Author: Gino Carrozzo, 5GZORRO Technical Manager, Nextworks s.r.l.

This blog article is an excerpt of a preprint version of the article G. Carrozzo et al., “AI-driven Zero-touch Operations, Security and Trust in Multi-operator 5G Networks: a Conceptual Architecture,” published in proceedings of 2020 European Conference on Networks and Communications (EuCNC), Dubrovnik, Croatia, 2020, pp. 254-258, doi:10.1109/EuCNC48522.2020.9200928.

The fifth-generation mobile communications (5G) demonstrated to be one of the main catalysts for the pervasive digitalisation of our society: ultra-high bandwidth, low latency and increased connectivity density are some of the main characteristics of 5G which Vertical industries are leveraging to implement innovative applications for business [EC5GCYBER].

Despite the considerable progress of the last few years, state of the art 5G networks nowadays (up to 3GPP Release 16) are not yet at the stage of complete achievement of all the challenging performance requirements and features promised, both in terms of specifications and prototypes and products. For example, 5G deployments today are occurring at limited scale (up to city-scope in various countries); most of the current releases target eMBB services with 5G NR but still do not allow coexistence of different types of vertical applications (i.e. eMBB with URLLC and/or mMTC, as per ITU classification); network slicing specified by 3GPP and network monitoring with analytics are not fully supported and do not span multiple operator domains; etc.
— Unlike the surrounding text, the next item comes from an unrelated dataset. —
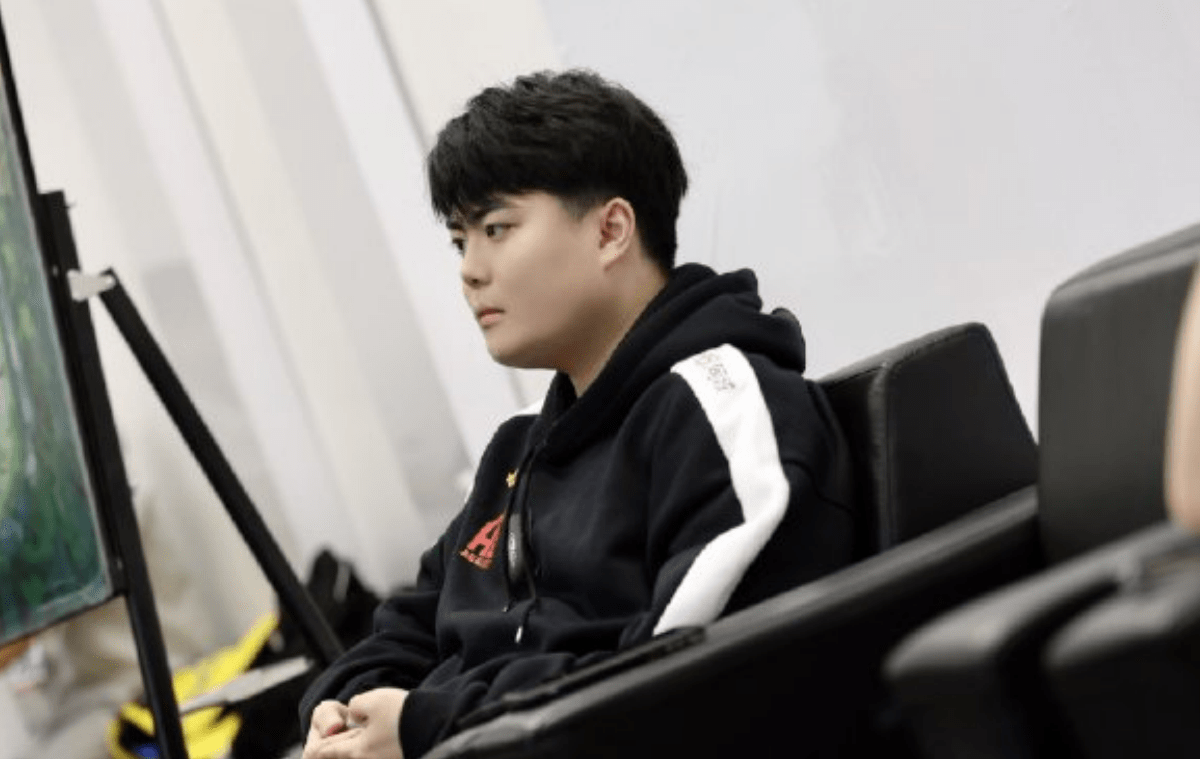 kpl版本大变动笑影终于不用玩工具人了ag恐遇最大敌手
The standards communities, as well as research and industry, are continuing to work towards the realization of a number of additional evolutionary stages for 5G to achieve truly production-level support of diverse applications for various vertical industries.
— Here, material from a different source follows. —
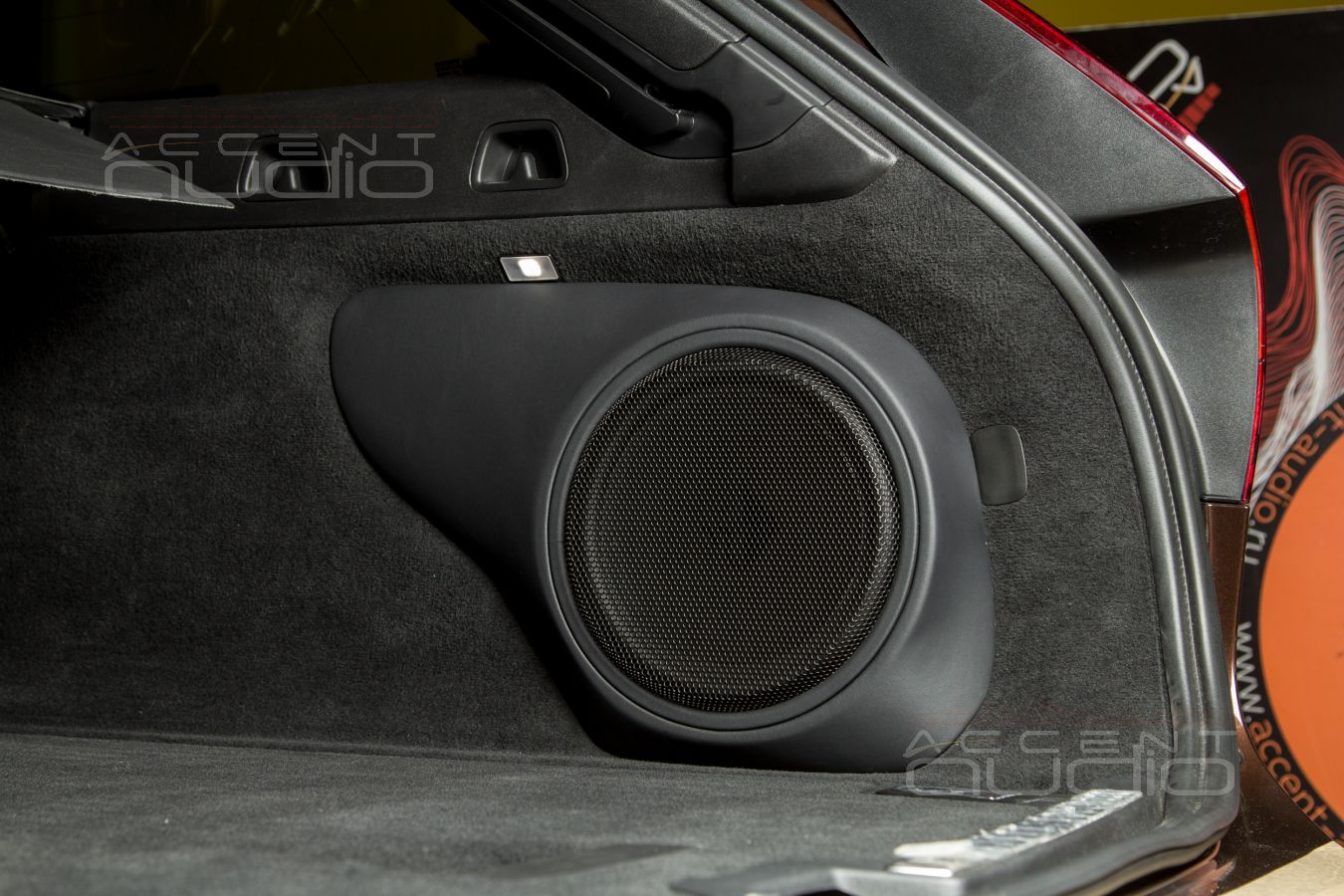 Новый, оригинальный, деревянный, стильный, компактный сабвуфер для Volvo V90 Cross Country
The next challenge in 5G network management appears to be the implementation of highly pervasive shared network infrastructure, through a multiplicity of end-to-end network slices.

Differently from previous mobile network generations, 5G operators need to become capable of managing really complex chains of end-to-end services, built on assets from different resource providers for better CAPEX prospects, and are strongly driving their network and service transformations towards deep virtualization and sharing of resources being them from asset, computing, transport, radio and spectrum domain.
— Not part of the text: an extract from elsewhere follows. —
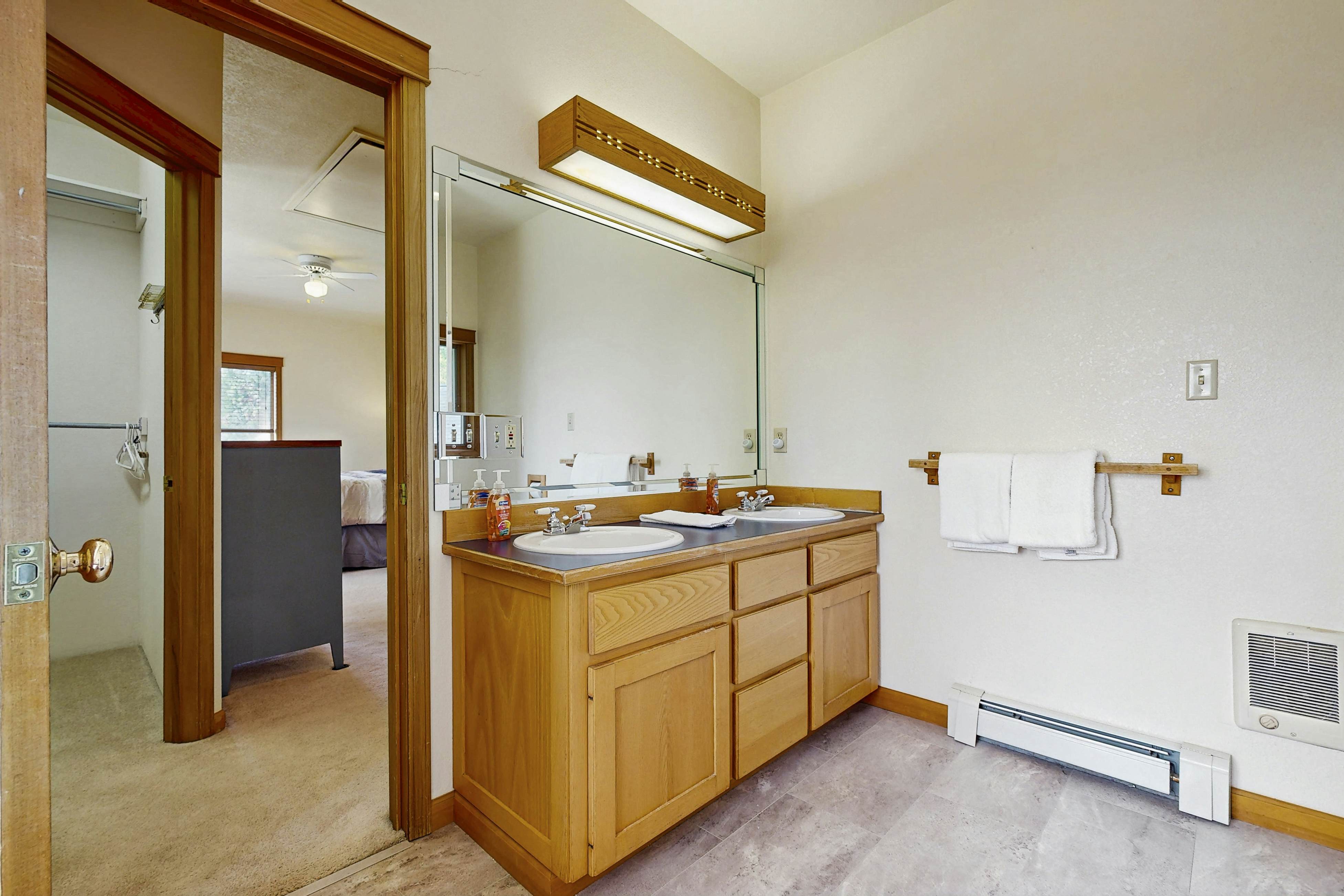 Lakeview Home on acreage with Hot Tub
To realise this vision, the next generation 5G networks have to embrace full automation in network and service management and implement extensive zero-touch management approaches. Similarly, it becomes more and more critical to integrate 3rd-party resources (e.g., micro-data centers at smart city IT infrastructures like edge computing at street cabinets or at lampposts) and, thus, reach a truly ubiquitous edge computing environment.

Various analysts agree that only in this context it will be possible to deliver pervasive Business-to-Customer (B2C) and Business-to-Business (B2B) 5G services at reasonable prices and costs [NH5G]. All of this goes through the disruption of the traditional bilateral B2B models adopted by operators, which currently only implement sharing of passive infrastructure and roaming.

Also, for a profitable business in 5G, we need to develop a multi-party distributed model through which a large group of parties, from the traditional telecom operators to verticals/slice owners, spectrum-only owners, passive and active edge facility owners, wholesale fiber owners, etc, can establish cross-operator/cross-domain service chains, with security and trust.


 

THE 5GZORRO APPROACH

5GZORRO is a Research and Innovation project funded by the European Commission as part of Phase 3 of the 5G Public-Private Partnership, which has been recently launched to specifically address the challenges of Zero-Touch Security And Trust For Ubiquitous Computing And Connectivity In 5G Networks.

5GZORRO incorporates solutions based on novel enabling technologies:

 

Operational Data Lakes which acts as logically centralized reservoirs of network operation data (e.g. resource monitoring, traffic captures, topology information, performance metrics, etc.) and can enable access, processing, aggregation, filtering of large sets of data via APIs;

 

Data-driven and AI-based solutions which can transform network orchestration and management into a cognitive process through which the network can self-adapt and self-react to changing conditions with minimal manual intervention. AI can also enable automatic and autonomous network operations following AIOps paradigm;

 

Distributed Ledger Technologies (DLT) which enable distributed security and trust across the multiple parties involved in the 5G service chain; 

 

Cloud-Native technologies which once integrated into SDN/NFV environments can increase the level of flexibility required by advanced 5G based services (e.g. for scalability, resilience).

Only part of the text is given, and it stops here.